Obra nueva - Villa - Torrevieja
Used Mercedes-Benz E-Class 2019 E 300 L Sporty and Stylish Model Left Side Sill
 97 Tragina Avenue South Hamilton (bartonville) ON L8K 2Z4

━━━━━━━━━━━━━━━━━━━━

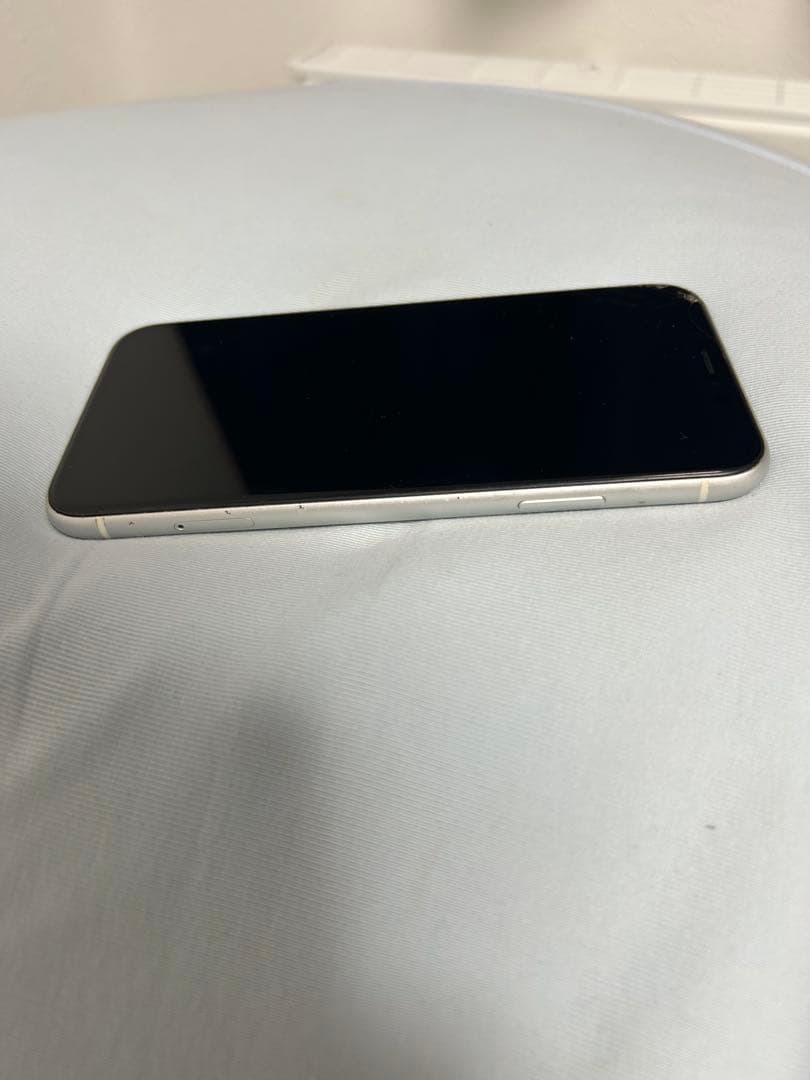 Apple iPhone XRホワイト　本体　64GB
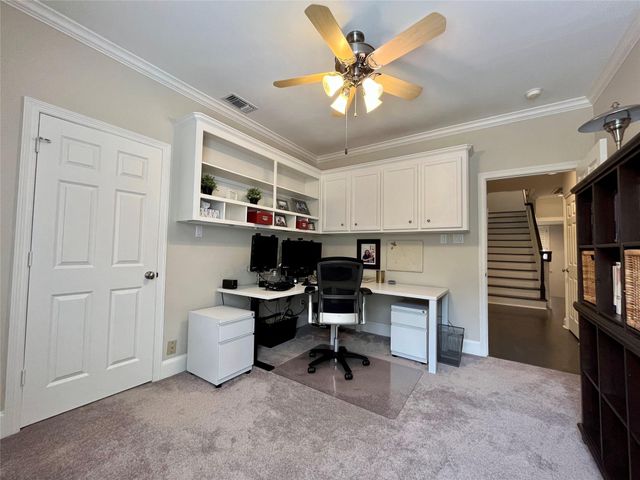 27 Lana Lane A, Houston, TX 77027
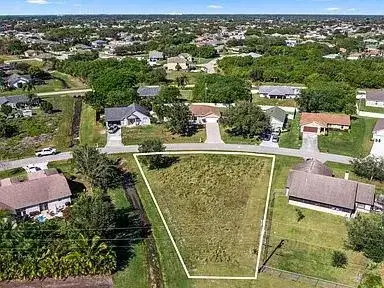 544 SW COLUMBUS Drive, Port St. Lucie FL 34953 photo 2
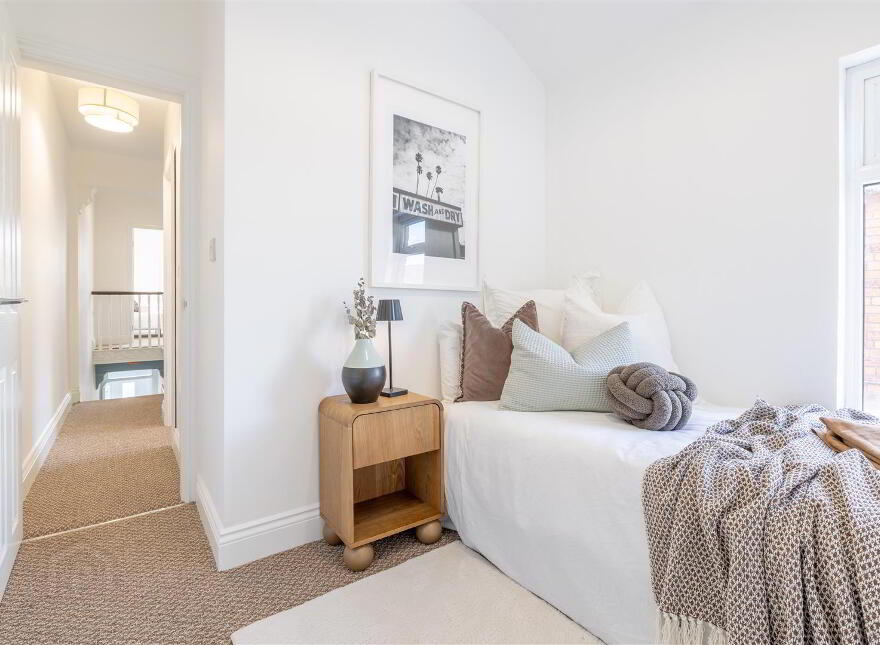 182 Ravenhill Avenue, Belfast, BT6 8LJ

━━━━━━━━━━━━━━━━━━━━

◆ WHAT TO DO
Copy out the range of lines above starting at the line with "Obra nueva - Villa - Torrevieja" and ending at the line with "97 Tragina Avenue", exactly and including both.

◆ ANSWER FOR THIS EXERCISE
Obra nueva - Villa - Torrevieja
Used Mercedes-Benz E-Class 2019 E 300 L Sporty and Stylish Model Left Side Sill
 97 Tragina Avenue South Hamilton (bartonville) ON L8K 2Z4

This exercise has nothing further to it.